Relacje

Środa, IV Tydzień Wielkiego Postu, rok I, J 5,17-30

 Zaprawdę, zaprawdę, powiadam wam: Kto słucha słowa mego i wierzy w Tego, który Mnie posłał, ma życie wieczne i nie idzie na sąd, lecz ze śmierci przeszedł do życia. Zaprawdę, zaprawdę, powiadam wam, że nadchodzi godzina, nawet już jest, kiedy to umarli usłyszą głos Syna Bożego, i ci, którzy usłyszą, żyć będą. Podobnie jak Ojciec ma życie w sobie, tak również dał Synowi: mieć życie w sobie samym. Przekazał Mu władzę wykonywania sądu, ponieważ jest Synem Człowieczym. Nie dziwcie się temu! Nadchodzi bowiem godzina, w której wszyscy, którzy spoczywają w grobach, usłyszą głos Jego: a ci, którzy pełnili dobre czyny, pójdą na zmartwychwstanie życia; ci, którzy pełnili złe czyny - na zmartwychwstanie potępienia. Ja sam z siebie nic czynić nie mogę. Tak, jak słyszę, sądzę, a sąd mój jest sprawiedliwy; nie szukam bowiem własnej woli, lecz woli Tego, który Mnie posłał.

 

 

          Długa jest dzisiejsza lekcja Ewangelii… Jezus ukazuje swoją relację z Bogiem Ojcem, jako więź serdeczną i żywą, z której wypływa wszelkie Jego działanie. Żyjąc w zażyłości z Ojcem niebieskim udziela tej zażyłości uczniom, którzy uczestniczą w Jego życiu… Warto więc zapytać dzisiaj o stan naszych relacji?
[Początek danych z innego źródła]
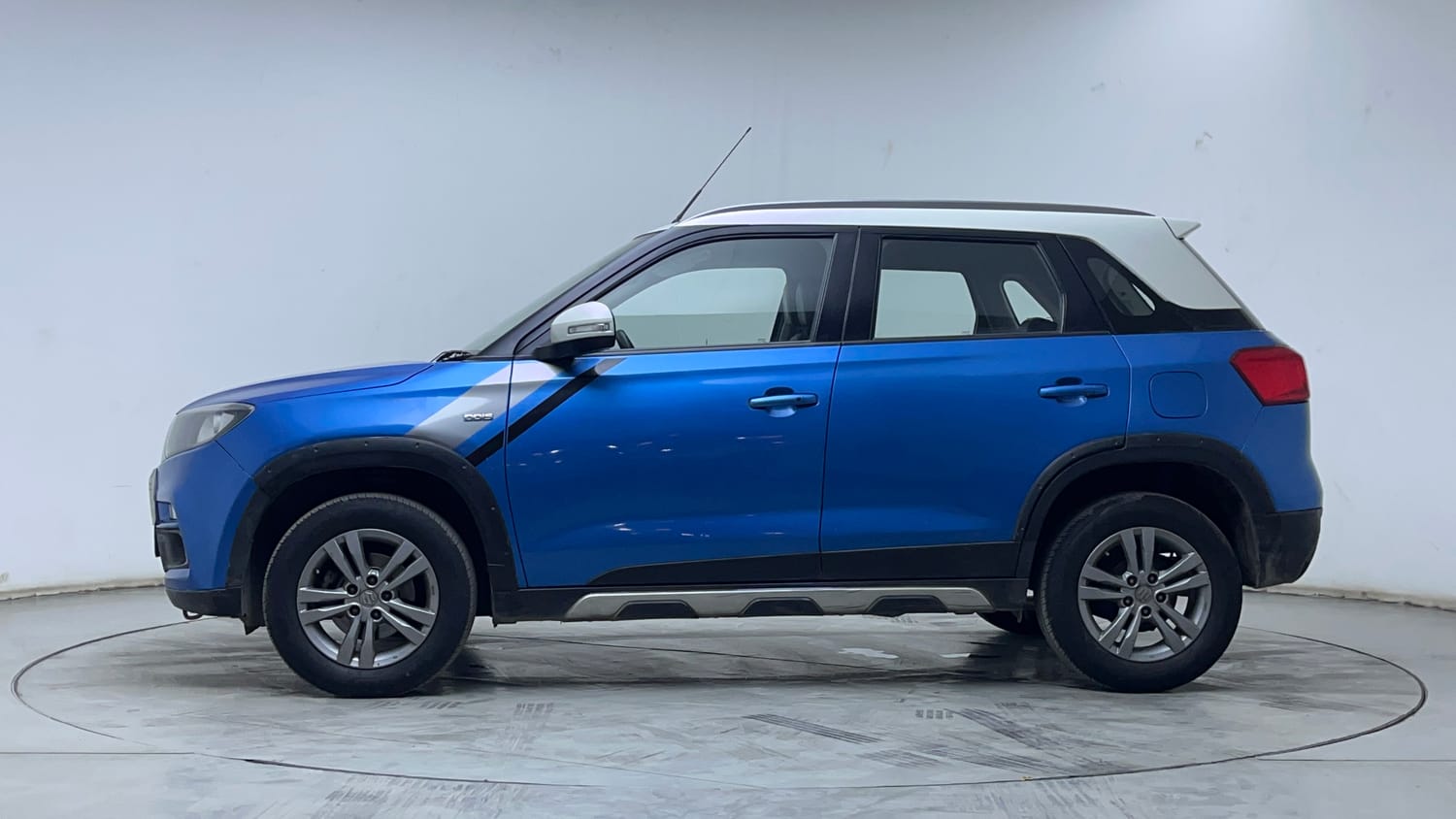 2016 Maruti Suzuki Vitara Brezza - 2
            Mamy połowę Wielkiego Postu… Czy za ten czas polepszyliśmy nasze relacje z Bogiem i z ludźmi? Po to są postanowienia - aby kroczyć drogą modlitwy, postu i jałmużny - a więc są użyźnieniem naszej miłości i do Boga, i do ludzi! Czy zatem moje postanowienia zacieśniły moje relacje z Bogiem i z ludźmi, czy tylko zamknęły mnie w "klatce" gimnastyki woli?